Da jedes Land letztendlich selbst entscheiden kann welche Zeitzone gelten sind die Uhrzeiten krumm und schief.
Frankreich, Spanien und die BeNeLux- Staaten liegen eigentlich in der Greenwich-Zeitzone. Sie haben sich aber für die Mitteleuropäische – Zeit entscheiden.                Manche Länder liegen über mehrere Zeitzonen, hier wird oft das Land gleichgestellt.
Wie in China. China liegt über 5 Zonen, hat aber nur eine Uhrzeit. Diese passt gut zur Hauptstadt Peking und Shanghai, aber am westlichsten Zipfel von China ist wahrer Mittag um 15 Uhr, im östlichsten um 11 Uhr.                                                                                       In den USA dagegen bleibt es bei 4 Zeitzonen.                                                                 Manch kleiner Staat schiebt seine Zeit um sich von seinem großen Nachbar zu unterscheiden. Nepal hat seine Zeit um 15 Minuten zur Zeit von Indien verschoben.    Spannend wird es an der Datumsgrenze im Pazifik. Die Datumsgrenze ist ja schon ein Streifen mit möglichst wenig Festland, aber ein paar Inseln gibt es dann doch.
Samoa ist 1892 auf die östliche die Seite gewechselt, da sie hauptsächlich mit den USA Handel trieben. 2011 wechselten sie wieder auf die westliche Seite, denn inzwischen mehr Handel mit Neuseeland, Australien und Asien treiben. Da muss dann mal der 30.12.2011 ausgelassen werden.                                                                                                         Kiribati macht das Chaos komplett.
International Date Line“. Lizenziert unter CC BY-SA 3.0 über Wikimedia Commons

International Date Line“. Lizenziert unter CC BY-SA 3.0 über Wikimedia Commons

Der Inselstaat , dessen winzige Eilande sich über fast 5000 km in Ost-West-Richtung im Pazifik erstrecken, war durch die Datumsgrenze geteilt. Im Laufe der Zeit wurde es aber mit zwei Daten schwierig, sodass sich ganz Kiribati 1995 komplett westlich der Datumsgrenze zu liegen entschied.

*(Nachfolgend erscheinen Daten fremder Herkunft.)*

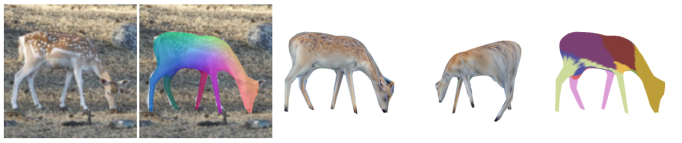 Refer to caption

Im Osten Kiribatis hat die Datumsgrenze eine Ausbeulung nach Nord und Süd. Hier gibt es kurze Stellen, an denen der sonst übliche Datumswechsel bei Ost/West- und West/Ost-Reisen umgekehrt zu erfolgen hat. Die von Kiribati veranlasste Linienführung der Datumsgrenze hat noch weitere kuriose Zusammenhänge zur Folge:
Statt bisher zwei können gleichzeitig drei verschiedene Kalenderdaten auf der Erde vorkommen.
Es gibt Stellen auf der Datumslinie, wo sich das Datum beim Überqueren nicht um einen, sondern um zwei Kalendertage ändert
Ich hoffe alle sind jetzt so verwirrt wie ich, das wichtige aber ist:
Am Sonntag, 24.10.2015 wird die Uhr eine Stunde zurück gestellt.